The Ghana Revenue Authority (GRA) is confident of achieving its GHc45 billion tax target this year by stepping up efforts to boost revenue collection in the mining sector in what amounts to a significant tightening of the fiscal framework within which mining companies will operate henceforth.
Accordingly, the Ministry of Finance and the GRA has put together medium-term revenue policies that would outline revenue reforms targeted at ensuring adequate revenue mobilization in the sector.
The GRA itself has identified that the key challenge in optimizing mining revenues for the country is the verification, assessment and collection of what is due the state.
Despite concerted efforts to address these challenges in the past, certain loopholes, escape clauses, implementation weaknesses, and administrative lapses in the sector still exist, these being a bane to revenue mobilization.
Instructively, government has now declared its renewed commitment to aggressively enforce existing legislation and regulations to augment revenue collection from the sector.
The strategies according to the GRA, include closer than ever before scrutiny of the quantity and quality of minerals produced in Ghana as the basis of revenue determination and export valuation; curbing base erosion as a source of systemic under-valuation of royalties and profits; tightening the regime that governs foreign exchange repatriation through the Bank of Ghana; as well as capitalizing tax expenditures (in the form of tax exemptions) and recognizing them as additional government equity holdings in mining companies.

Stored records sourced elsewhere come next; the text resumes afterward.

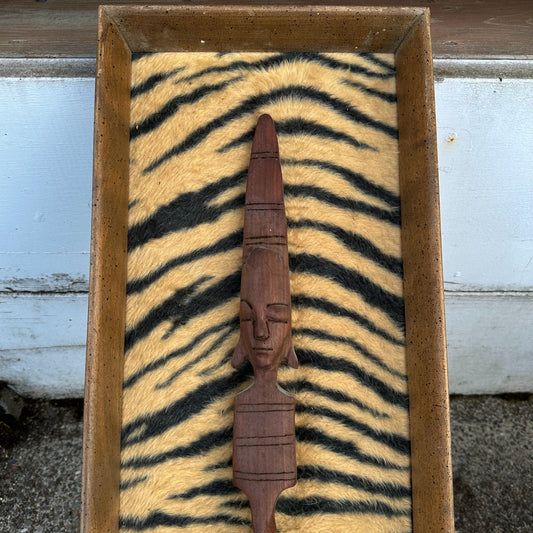 Midcentury African style spear on acrylic tiger fur.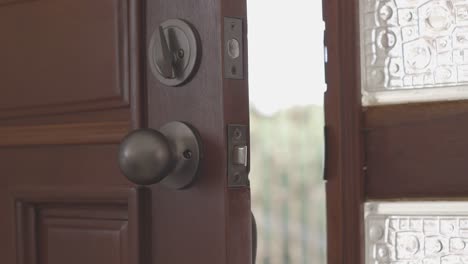 wooden door slowly closing but remaining slightly ajar, revealing a sunlit balcony and lush garden beyond, serene home transition shot for real estate ads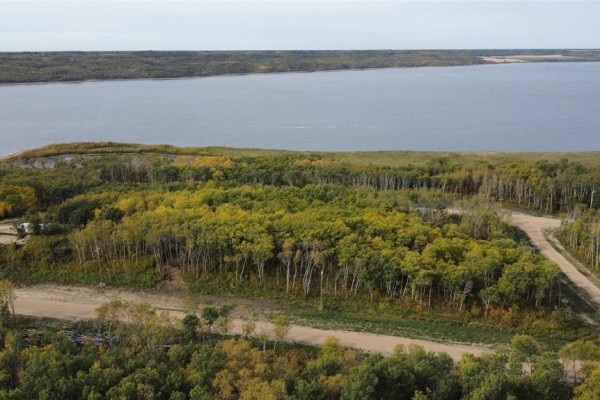 Overhead view of a forested landscape with a winding road and a wide lake under a cloudy sky. - 128 Sunset Drive, Lake Of The Prairies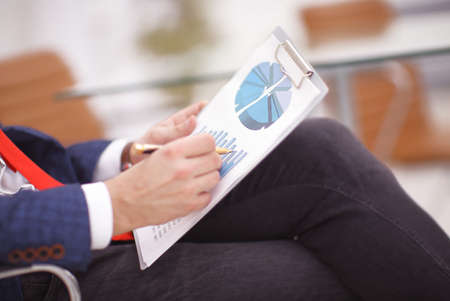 Discussing the scheme. Side view of business people, pointing handles on the chart together, sitting at the tableの写真素材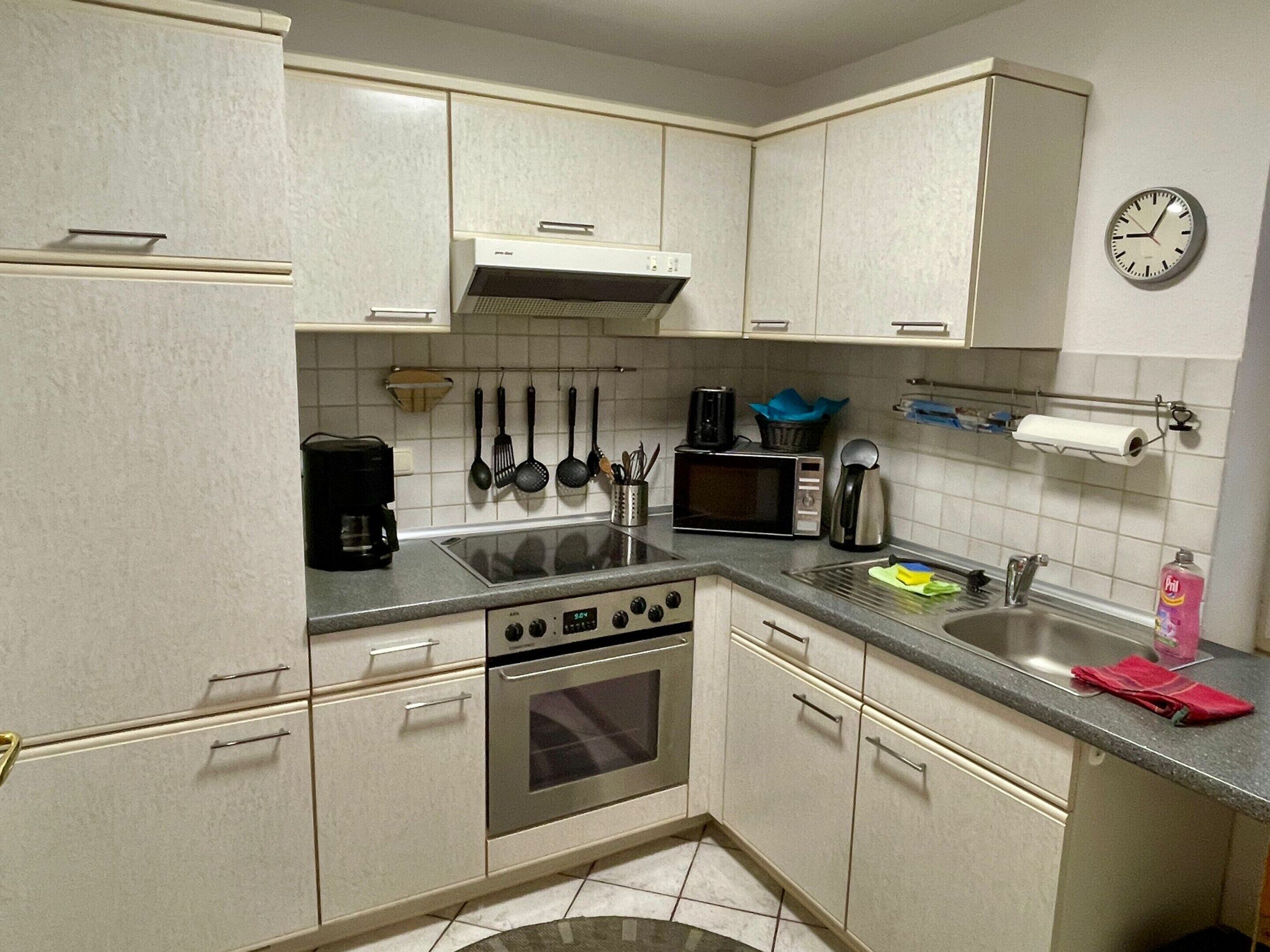 A kitchen with white cabinets, a microwave, stove, and a clock on the wall.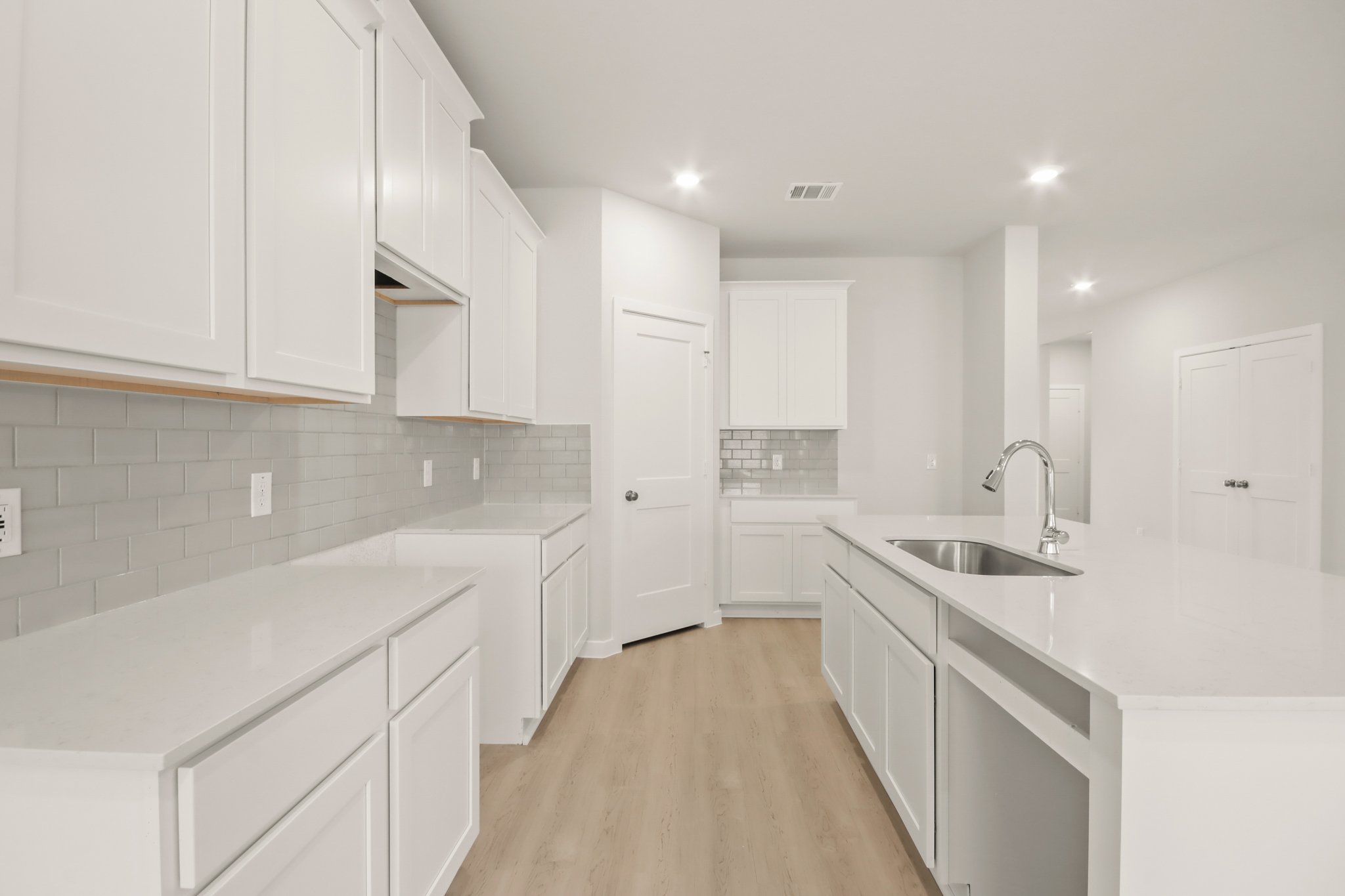 A kitchen with white cabinets.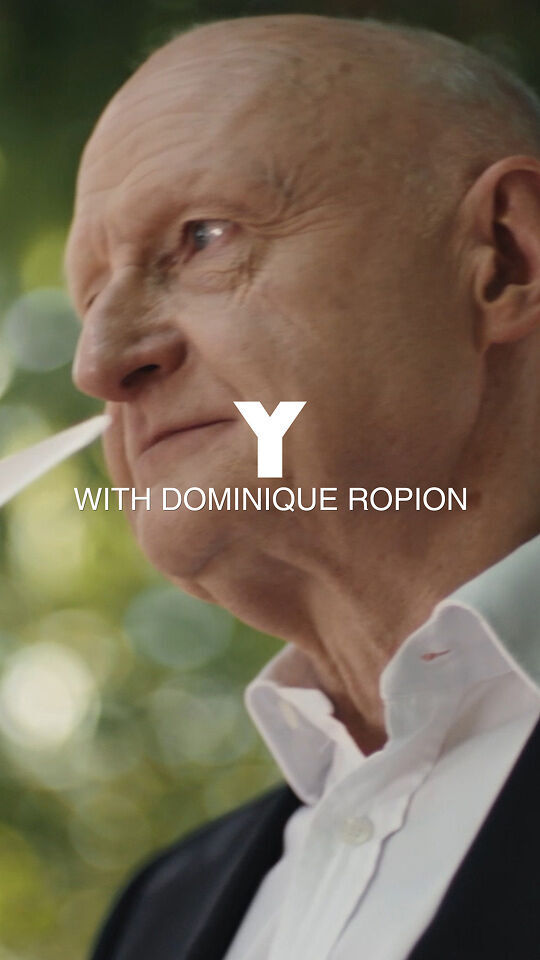 Un uomo calvo in abito nero e camicia bianca tiene al naso diverse strisce di carta bianca, comunemente usate per testare le fragranze, come se stesse valutando un profumo. Ha un'aria contemplativa, con uno sfondo verde e sfocato di fogliame e alberi. L'immagine e sovrastata da un grande testo bianco "Y" e da un testo piu piccolo sotto di esso, "WITH DOMINIQUE ROPION".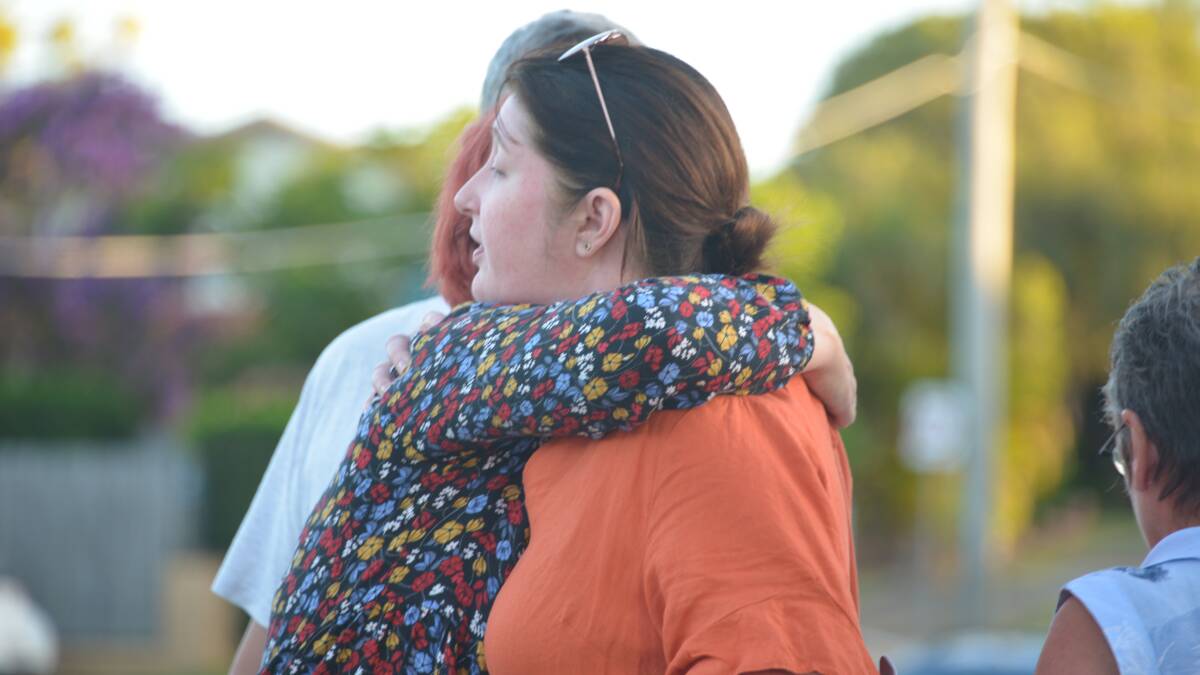 COMFORT: Danielle Leadbetter is comforted at the candlelight vigil.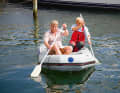 If the dinghy is too small for this, the only option is to paddle sitting on the tube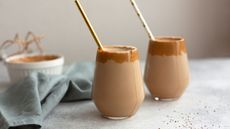 how to make coffee smoothies: two glasses of coffee smoothie with straws in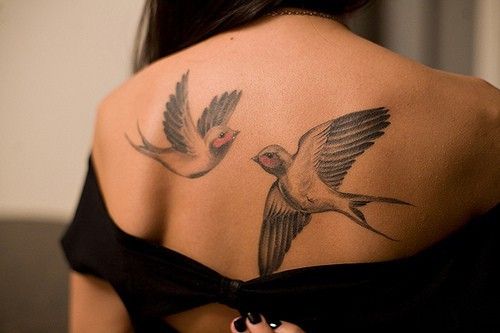 Two birds on tattoo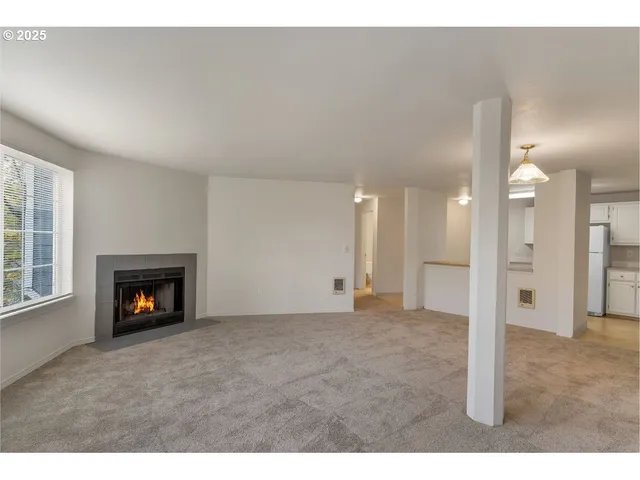 a view of an empty room with a fireplace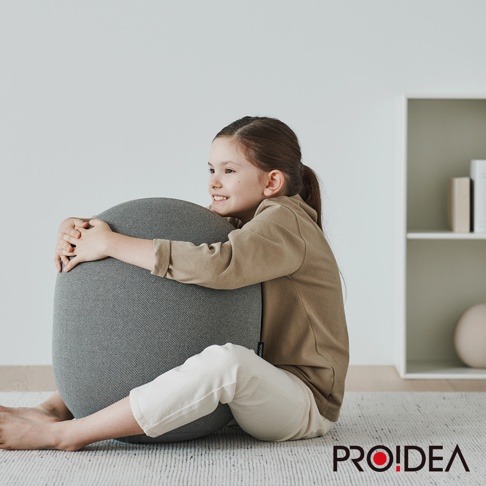 一名小女孩擁抱著一個灰色的針織平衡球，球體呈橢圓形，表面有細密的紋理。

The strategy will also extend to the revitalization of the Inter-Agency Technical Committee on mining for maximum returns.
Meanwhile, the 2019 national budget takes into account the fact that provisional mineral royalties fell 6 percent short of target in the third quarter of 2018 – costing the public purse an estimated GHc31m (US$6.7m) in that quarter alone – according to audit and tax consultancy firm, Price Waterhouse Coopers, in its “2019 Budget Highlights” report.
This shortfall has exacerbated the perception that Ghana has not retained enough of the value of its mineral resources in the past.
The budget also proposes shifting the 3 percent withholding tax levied on small-scale operators to the point of export. This is intended to simplify its collection and strengthen the government’s calculations of mineral valuation and the income derived by such miners. However, it is not yet clear if and how the tax will apply to those selling unprocessed minerals within Ghana.
In the first half of 2018, the mining sub sector contributed a total of GHc1.03 billion to tax revenue on revenues of US$3.1 billion during that period. The corporate income tax rate for mining companies in Ghana is 35 per cent (for most other sectors it is 25 per cent) and mining companies are also required to pay royalties at a basic rate of 5 per cent although this differs from one company to another depending on whether a company has a stability agreement with government and the terms of such an agreement.
While mining companies plead narrow profit margins as a result of a high operating cost environment and weak solid mineral prices on international markets, many industry analysts agree with the government that mining companies tend to exploit all sorts of loopholes in the fiscal framework to reduce their tax obligations to a minimum.
In 2017, the sector’s contribution to Gross Domestic Product stood at GHc17.1 billion as compared to GHc15.8 billion in 2016.
Despite the increase on yearly basis, the GRA has consistently struggled to meet its annual revenue targets in recent years.
Last year, the Finance Ministry noted that about 112 companies, some being mining entities, in the large taxpayers’ office category (LTO), have ignored calls from the GRA to honour their tax commitments.
Those companies were part of some 457 entities that owe more than GHc4 billion in tax revenue in 2018.